Our Costa Rica Fishing Calendar is a general guideline based on traditional weather seasons and historical fishing patterns, but the truth is every year is slightly different here based on ocean currents, ocean temps, La Niña vs. El Niño years, and the presence of baitfish. The good news is no matter what time of year you want to fish in Costa Rica, there will be something to catch!

What to Expect During Costa Rica’s Dry Season

The dry season, or summer as the Ticos call it, runs from December through April. During this time of year, you can expect 90 F and sunshine on the Pacific Coast nearly every single day. In two decades here we’ve been around long enough to have seen a few days of rain in January, February, and March, but it is, extremely rare. The hottest and driest months of the year are March & April, when temperatures on the Pacific Coast can reach the upper 90s F.  Due to the dry season weather perfectly coinciding with the North American winter, the months of December through April are also considered the high season for tourism in Costa Rica. This is when hotels will have their highest rates and you’ll find the greatest number of visitors in the country.
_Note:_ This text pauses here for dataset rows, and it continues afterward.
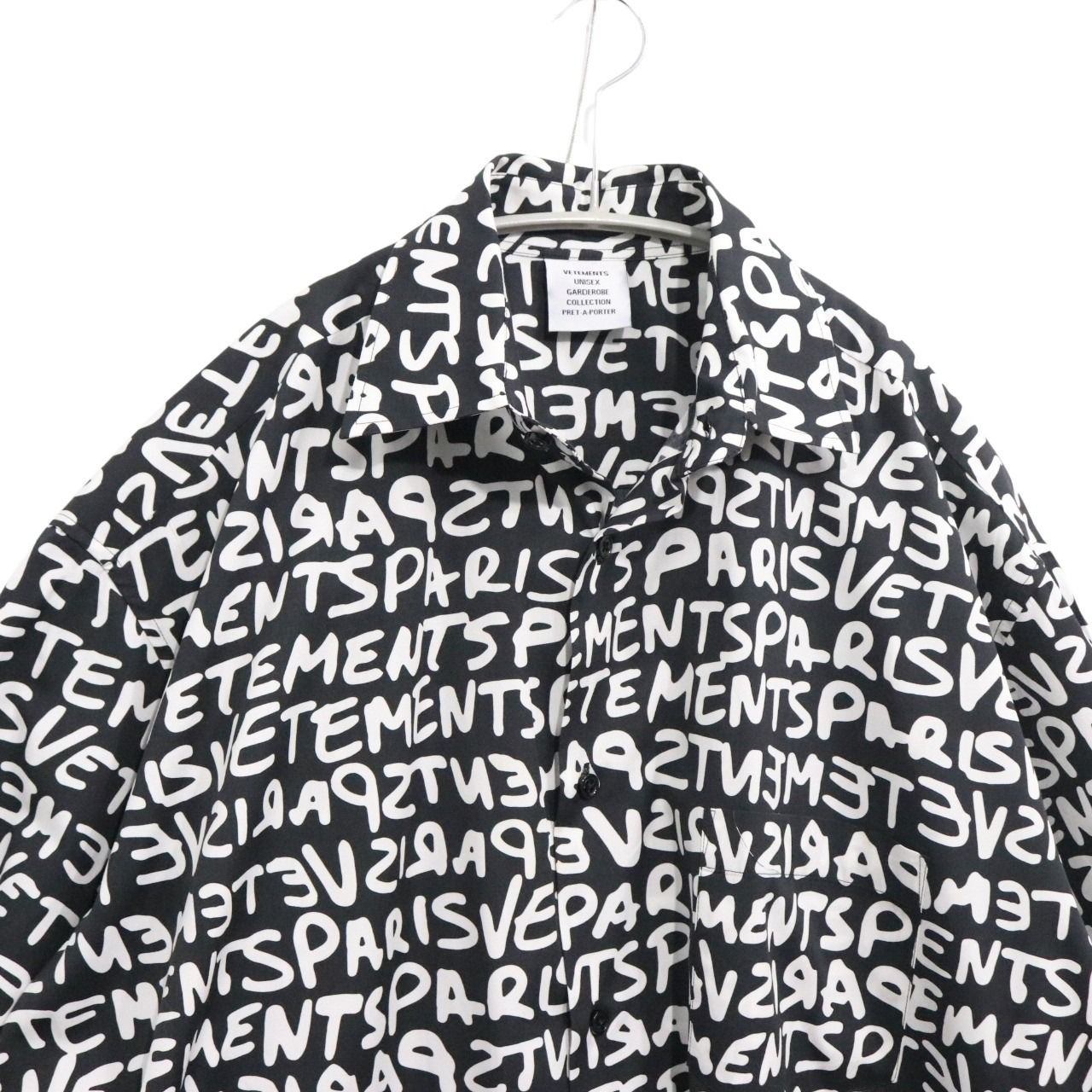 VETEMENTS 24SS Graffiti Print Oversized Sleeve Shirt Size S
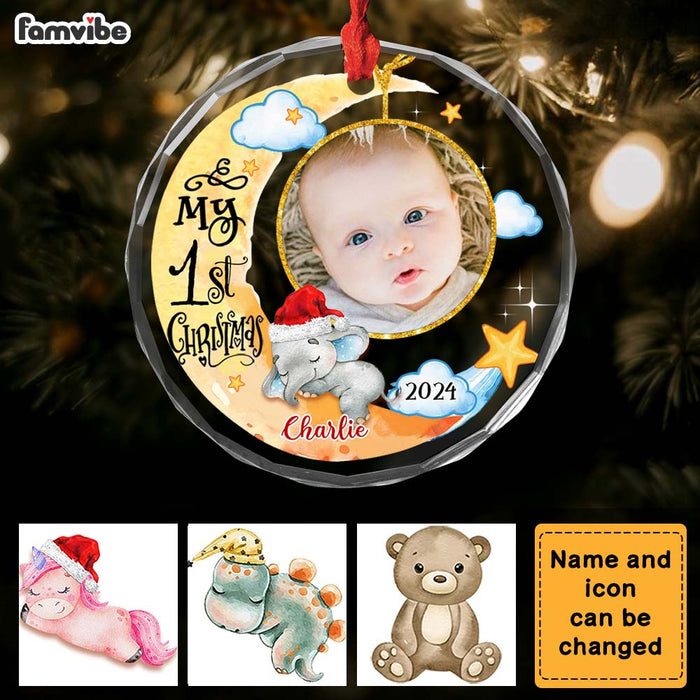 Personalized Baby's First Christmas Animal Upload Photo Circle Glass Ornament 35218 1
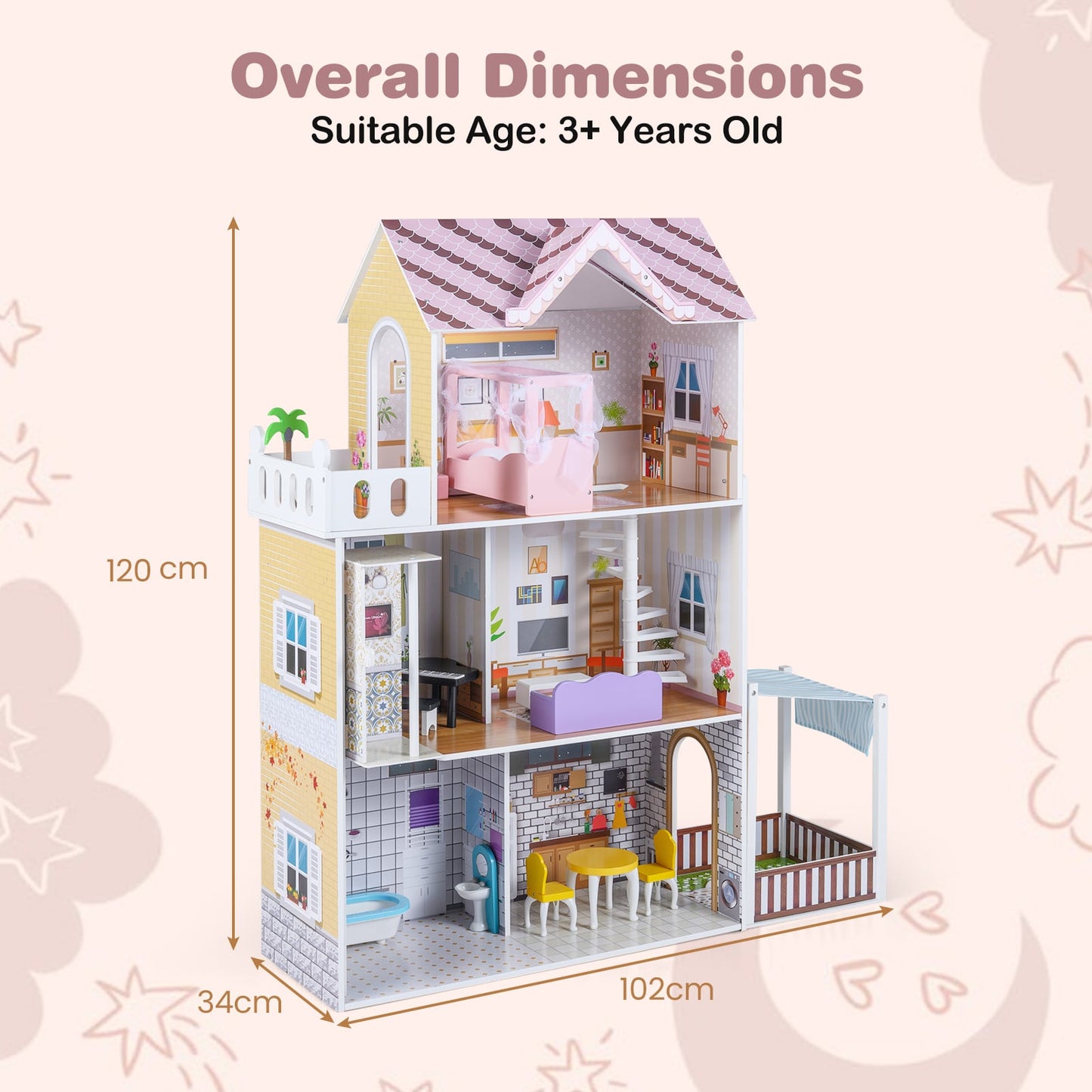 120CM Wooden Dollhouse with 16 Furniture Accessories for Kids Ages 3+-Pink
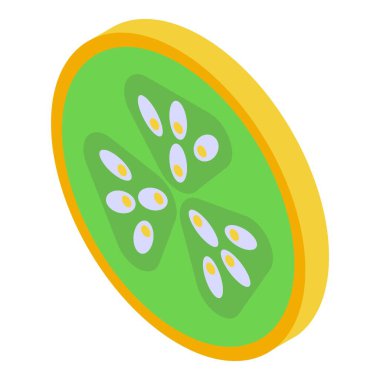 İncir yeşil dilim simgesi, izometrik biçim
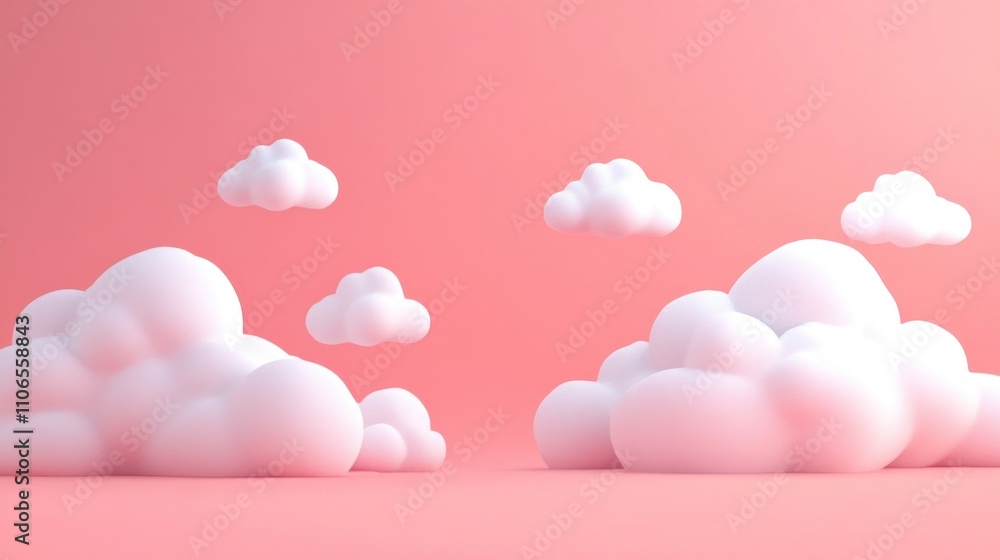Poster a pink background with four white clouds. the clouds are floating in the air. the clouds are not tou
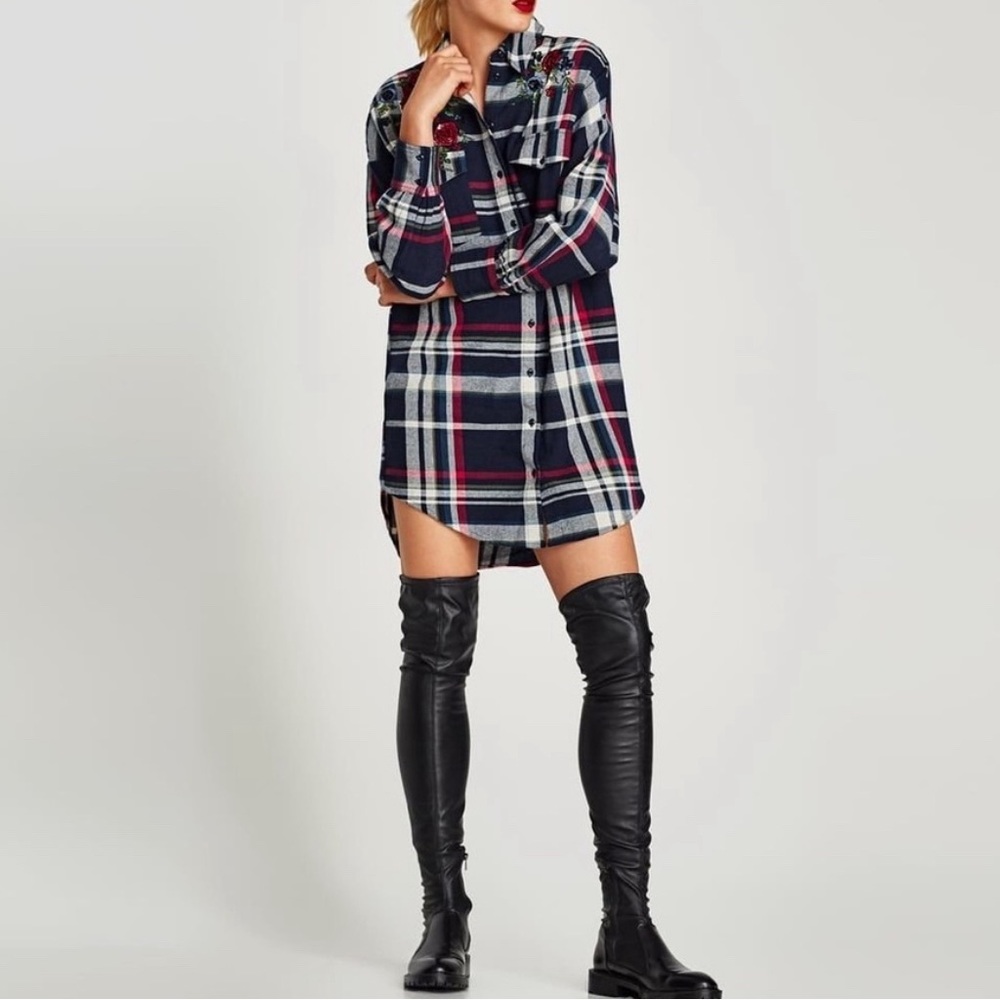 Zara Denim Plaid Tunic Dress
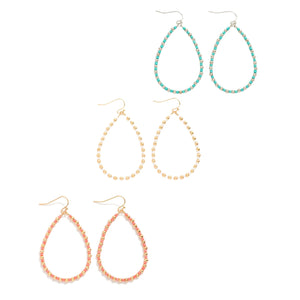 Vibrant Cascade Beaded Teardrop Earrings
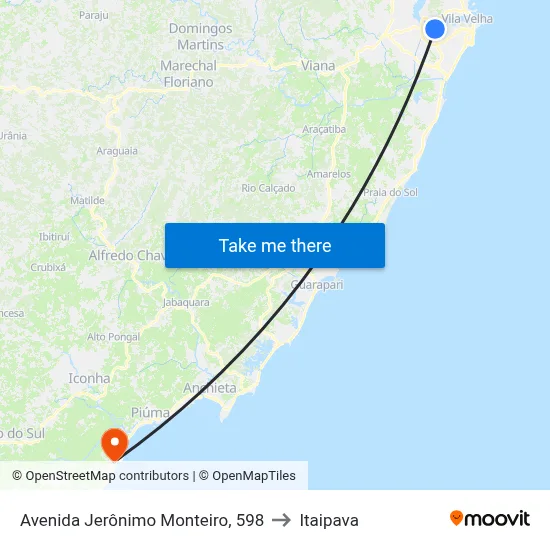 Avenida Jerônimo Monteiro, 598 to Itaipava map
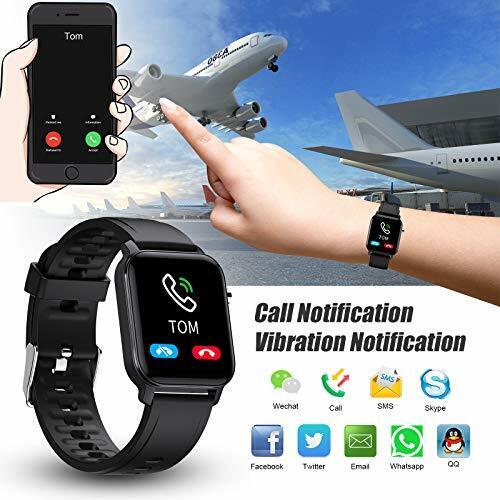 Smart Watch Fitness Tracker-1.4 Inch Full Touch Screen Android Black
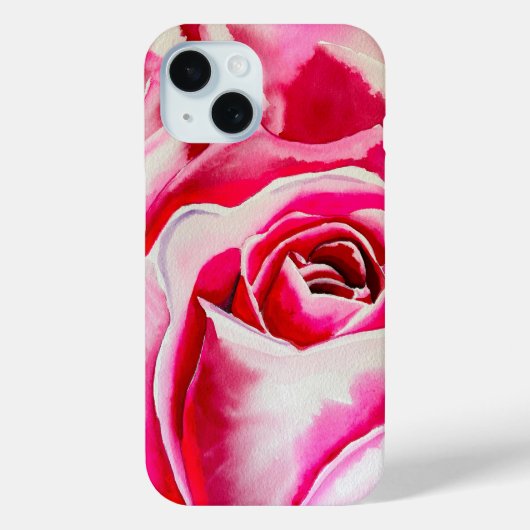 Rosa Rosen romantische Aquarellkunst Case-Mate iPhone Hülle (Rückseite)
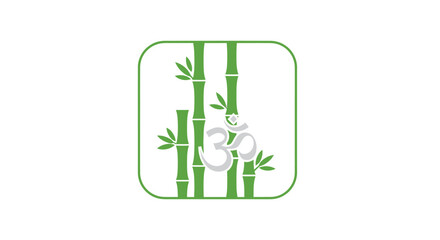 Green Bamboo with Spiritual Symbol.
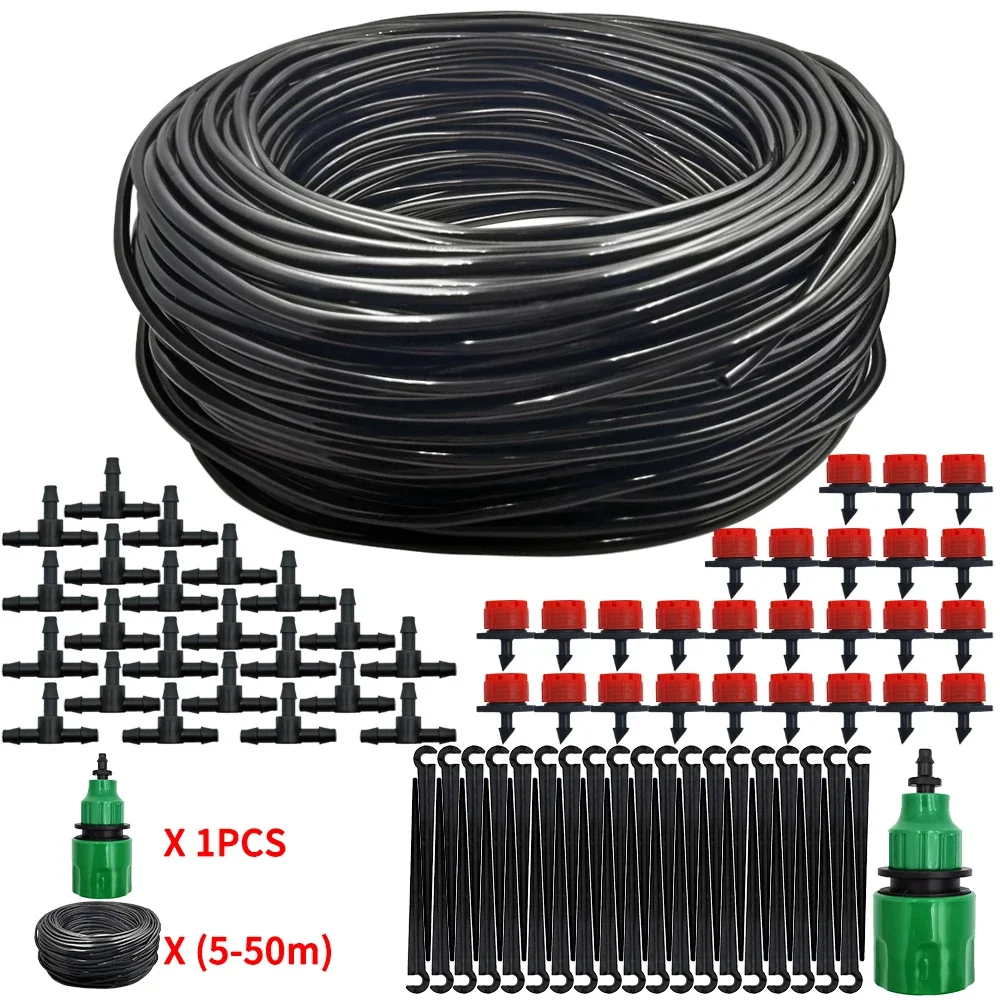 

5-50m DIY 4/7mm PVC Garden Watering Garden Hose Micro Irrigation Pipe Drip Watering Kits with Adjustable Drippers Punch Tool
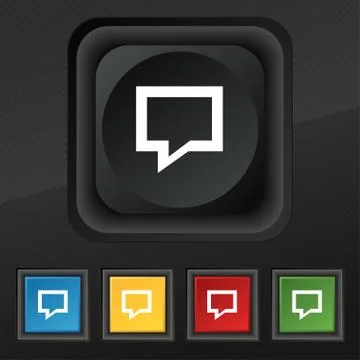 Speech bubble, Think cloud icon symbol. Set of five colorful, stylish buttons on Stock Illustration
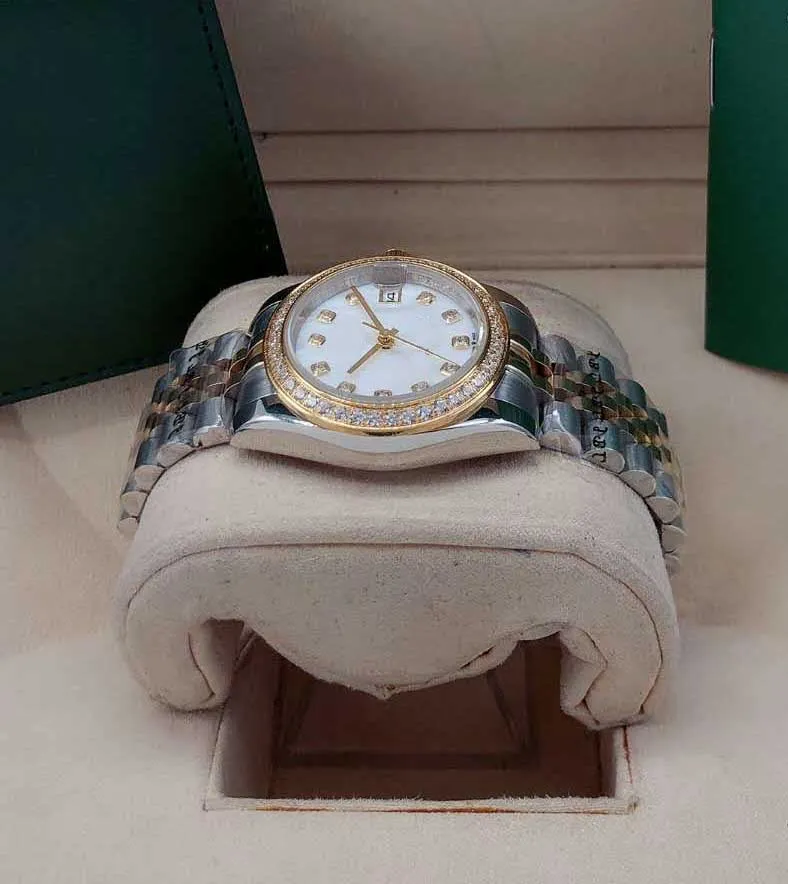 Высокое качество розовое золото модные женские часы с бриллиантами 31 мм дата просто сапфировые водонепроницаемые автоматические механические часы спортивные женские 2645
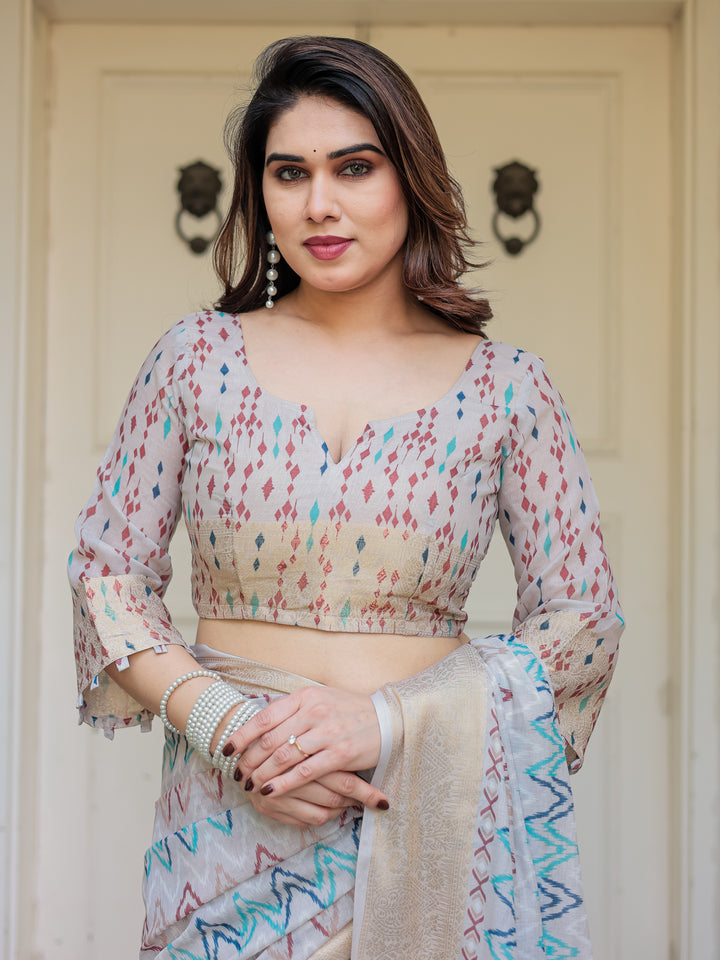 Beige Multicolour Tribal Printed Handloom Cotton Saree with Woven Zari Border & Ethnic Pallu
The months of December through April are what we consider to be the peak billfish season in Costa Rica. It’s this time of year when we see the greatest number of marlin and sailfish, which is why all the major billfish tournaments in Costa Rica are held between January and April.  During this time of year, the water is clear, blue and full of baitfish. Topside, the conditions are anglers are perfect as a typical day features sunshine, 90 F weather, and 1-2 ft seas.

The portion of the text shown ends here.